# Goal of the exercise:
Going line by line through the entries below, count those that contain "luar". Give the number by itself.

# Material for this task:
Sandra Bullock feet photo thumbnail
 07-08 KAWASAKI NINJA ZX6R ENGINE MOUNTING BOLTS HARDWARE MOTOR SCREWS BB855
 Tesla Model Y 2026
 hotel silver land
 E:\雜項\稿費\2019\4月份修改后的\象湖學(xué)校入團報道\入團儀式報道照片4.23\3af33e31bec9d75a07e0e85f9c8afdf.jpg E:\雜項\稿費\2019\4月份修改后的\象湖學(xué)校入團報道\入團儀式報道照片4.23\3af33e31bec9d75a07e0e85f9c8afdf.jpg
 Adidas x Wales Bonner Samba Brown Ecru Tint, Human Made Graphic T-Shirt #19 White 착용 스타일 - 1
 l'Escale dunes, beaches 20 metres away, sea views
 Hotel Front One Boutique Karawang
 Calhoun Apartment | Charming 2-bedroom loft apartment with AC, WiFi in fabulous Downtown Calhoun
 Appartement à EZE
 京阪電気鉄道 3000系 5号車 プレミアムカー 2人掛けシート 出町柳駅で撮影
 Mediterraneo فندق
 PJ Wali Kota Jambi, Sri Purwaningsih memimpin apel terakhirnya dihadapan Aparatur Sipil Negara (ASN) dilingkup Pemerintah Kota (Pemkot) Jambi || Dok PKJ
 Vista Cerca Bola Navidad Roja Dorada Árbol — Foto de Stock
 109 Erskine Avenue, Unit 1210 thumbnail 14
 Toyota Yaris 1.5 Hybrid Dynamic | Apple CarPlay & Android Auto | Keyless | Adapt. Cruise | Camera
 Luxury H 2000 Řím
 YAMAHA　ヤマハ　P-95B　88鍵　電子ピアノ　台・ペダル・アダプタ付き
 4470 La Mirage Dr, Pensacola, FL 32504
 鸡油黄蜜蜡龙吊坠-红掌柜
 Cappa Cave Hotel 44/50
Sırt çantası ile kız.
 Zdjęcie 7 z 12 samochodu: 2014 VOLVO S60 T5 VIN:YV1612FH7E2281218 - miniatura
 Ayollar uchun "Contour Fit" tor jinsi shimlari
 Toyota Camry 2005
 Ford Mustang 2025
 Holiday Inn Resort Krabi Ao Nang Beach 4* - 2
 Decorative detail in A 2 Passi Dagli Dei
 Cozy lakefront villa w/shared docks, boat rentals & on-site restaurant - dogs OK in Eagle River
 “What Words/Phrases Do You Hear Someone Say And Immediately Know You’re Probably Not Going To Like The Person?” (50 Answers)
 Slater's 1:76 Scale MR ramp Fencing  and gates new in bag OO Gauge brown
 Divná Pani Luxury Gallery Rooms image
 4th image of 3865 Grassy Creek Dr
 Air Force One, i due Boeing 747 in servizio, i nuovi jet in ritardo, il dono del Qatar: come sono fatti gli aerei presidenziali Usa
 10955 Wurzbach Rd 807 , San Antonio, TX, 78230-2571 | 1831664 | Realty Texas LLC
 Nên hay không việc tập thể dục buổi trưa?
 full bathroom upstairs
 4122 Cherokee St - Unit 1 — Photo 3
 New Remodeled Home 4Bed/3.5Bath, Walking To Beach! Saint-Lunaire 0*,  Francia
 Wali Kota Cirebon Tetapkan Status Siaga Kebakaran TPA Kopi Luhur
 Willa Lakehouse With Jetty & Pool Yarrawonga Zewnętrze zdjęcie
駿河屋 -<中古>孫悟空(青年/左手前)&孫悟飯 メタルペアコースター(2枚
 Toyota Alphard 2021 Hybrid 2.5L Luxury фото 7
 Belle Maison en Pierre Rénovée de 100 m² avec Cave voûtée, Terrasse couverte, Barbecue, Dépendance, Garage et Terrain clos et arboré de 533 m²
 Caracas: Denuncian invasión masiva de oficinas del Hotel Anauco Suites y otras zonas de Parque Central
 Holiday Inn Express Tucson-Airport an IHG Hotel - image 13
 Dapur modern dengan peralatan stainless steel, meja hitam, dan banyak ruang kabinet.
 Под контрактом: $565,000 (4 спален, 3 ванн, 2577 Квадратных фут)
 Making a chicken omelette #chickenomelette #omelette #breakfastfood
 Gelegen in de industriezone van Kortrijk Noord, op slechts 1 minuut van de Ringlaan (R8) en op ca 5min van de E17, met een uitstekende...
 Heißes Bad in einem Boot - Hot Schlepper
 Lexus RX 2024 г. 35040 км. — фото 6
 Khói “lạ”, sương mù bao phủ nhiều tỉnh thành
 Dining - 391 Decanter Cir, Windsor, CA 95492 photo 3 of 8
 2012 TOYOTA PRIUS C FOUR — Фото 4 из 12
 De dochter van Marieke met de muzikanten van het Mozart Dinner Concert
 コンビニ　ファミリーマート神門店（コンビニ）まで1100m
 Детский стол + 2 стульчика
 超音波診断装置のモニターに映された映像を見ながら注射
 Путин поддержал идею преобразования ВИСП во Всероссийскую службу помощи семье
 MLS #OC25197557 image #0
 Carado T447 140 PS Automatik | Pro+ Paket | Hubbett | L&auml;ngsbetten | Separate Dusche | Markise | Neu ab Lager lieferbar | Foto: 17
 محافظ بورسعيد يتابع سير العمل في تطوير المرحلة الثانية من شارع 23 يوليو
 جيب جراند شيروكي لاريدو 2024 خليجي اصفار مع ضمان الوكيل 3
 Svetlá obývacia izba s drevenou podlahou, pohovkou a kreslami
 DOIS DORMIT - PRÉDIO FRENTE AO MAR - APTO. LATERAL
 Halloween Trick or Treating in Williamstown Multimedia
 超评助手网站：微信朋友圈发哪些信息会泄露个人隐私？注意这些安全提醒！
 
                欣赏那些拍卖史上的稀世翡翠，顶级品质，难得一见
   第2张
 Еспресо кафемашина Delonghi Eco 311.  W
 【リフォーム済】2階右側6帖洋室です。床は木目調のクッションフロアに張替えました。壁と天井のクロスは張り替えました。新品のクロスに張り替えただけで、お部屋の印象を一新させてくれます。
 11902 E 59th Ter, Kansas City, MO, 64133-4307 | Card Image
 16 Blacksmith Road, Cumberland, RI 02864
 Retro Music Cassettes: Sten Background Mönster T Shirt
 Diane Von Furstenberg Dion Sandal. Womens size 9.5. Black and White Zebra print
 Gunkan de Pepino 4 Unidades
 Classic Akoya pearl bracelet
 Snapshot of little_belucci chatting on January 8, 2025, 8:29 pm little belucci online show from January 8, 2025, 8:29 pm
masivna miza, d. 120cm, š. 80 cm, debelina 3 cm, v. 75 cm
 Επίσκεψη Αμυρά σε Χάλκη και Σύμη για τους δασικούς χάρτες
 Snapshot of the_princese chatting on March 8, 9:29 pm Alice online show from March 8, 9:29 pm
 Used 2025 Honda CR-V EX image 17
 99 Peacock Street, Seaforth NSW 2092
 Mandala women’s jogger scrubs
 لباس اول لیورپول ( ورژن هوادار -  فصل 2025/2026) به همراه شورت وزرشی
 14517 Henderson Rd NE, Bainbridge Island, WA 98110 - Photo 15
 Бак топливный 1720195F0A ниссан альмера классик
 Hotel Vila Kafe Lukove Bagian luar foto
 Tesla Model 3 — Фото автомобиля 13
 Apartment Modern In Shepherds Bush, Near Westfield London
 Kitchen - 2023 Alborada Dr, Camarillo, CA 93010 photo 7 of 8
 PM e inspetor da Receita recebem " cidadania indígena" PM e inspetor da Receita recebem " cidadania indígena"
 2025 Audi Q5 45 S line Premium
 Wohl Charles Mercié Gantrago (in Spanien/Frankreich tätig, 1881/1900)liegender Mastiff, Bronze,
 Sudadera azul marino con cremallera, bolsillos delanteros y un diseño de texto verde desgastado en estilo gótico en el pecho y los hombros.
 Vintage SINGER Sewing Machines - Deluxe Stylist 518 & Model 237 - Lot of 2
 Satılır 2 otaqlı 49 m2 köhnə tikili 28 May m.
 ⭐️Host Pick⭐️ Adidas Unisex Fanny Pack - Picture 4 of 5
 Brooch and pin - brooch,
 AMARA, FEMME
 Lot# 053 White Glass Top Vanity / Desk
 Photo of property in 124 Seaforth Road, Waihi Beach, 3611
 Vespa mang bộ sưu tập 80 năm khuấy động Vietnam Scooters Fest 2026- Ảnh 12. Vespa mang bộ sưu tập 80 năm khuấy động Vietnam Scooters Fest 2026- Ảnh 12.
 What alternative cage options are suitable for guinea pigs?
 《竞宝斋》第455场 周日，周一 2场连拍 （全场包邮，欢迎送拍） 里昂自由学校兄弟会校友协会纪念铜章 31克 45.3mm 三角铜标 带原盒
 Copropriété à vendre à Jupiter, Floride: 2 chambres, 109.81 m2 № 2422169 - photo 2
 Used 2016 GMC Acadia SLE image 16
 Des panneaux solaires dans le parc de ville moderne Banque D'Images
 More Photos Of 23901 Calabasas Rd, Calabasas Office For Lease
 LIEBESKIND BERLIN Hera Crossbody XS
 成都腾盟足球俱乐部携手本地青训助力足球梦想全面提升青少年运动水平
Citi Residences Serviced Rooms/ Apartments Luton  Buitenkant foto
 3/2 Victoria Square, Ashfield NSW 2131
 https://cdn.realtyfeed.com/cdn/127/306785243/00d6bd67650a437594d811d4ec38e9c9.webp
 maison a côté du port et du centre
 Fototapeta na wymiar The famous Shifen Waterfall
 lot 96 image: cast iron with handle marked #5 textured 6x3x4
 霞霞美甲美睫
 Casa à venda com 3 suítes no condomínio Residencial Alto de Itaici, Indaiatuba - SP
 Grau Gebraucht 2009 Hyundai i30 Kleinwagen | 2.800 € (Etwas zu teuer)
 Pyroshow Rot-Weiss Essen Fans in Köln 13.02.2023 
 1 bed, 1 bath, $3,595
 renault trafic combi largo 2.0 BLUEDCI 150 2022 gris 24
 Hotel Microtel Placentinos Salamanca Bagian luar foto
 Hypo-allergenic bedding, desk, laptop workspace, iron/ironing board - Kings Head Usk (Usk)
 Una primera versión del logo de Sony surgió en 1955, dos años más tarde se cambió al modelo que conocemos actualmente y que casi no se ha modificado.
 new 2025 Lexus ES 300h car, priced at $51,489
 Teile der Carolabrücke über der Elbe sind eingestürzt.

# Answer section:
2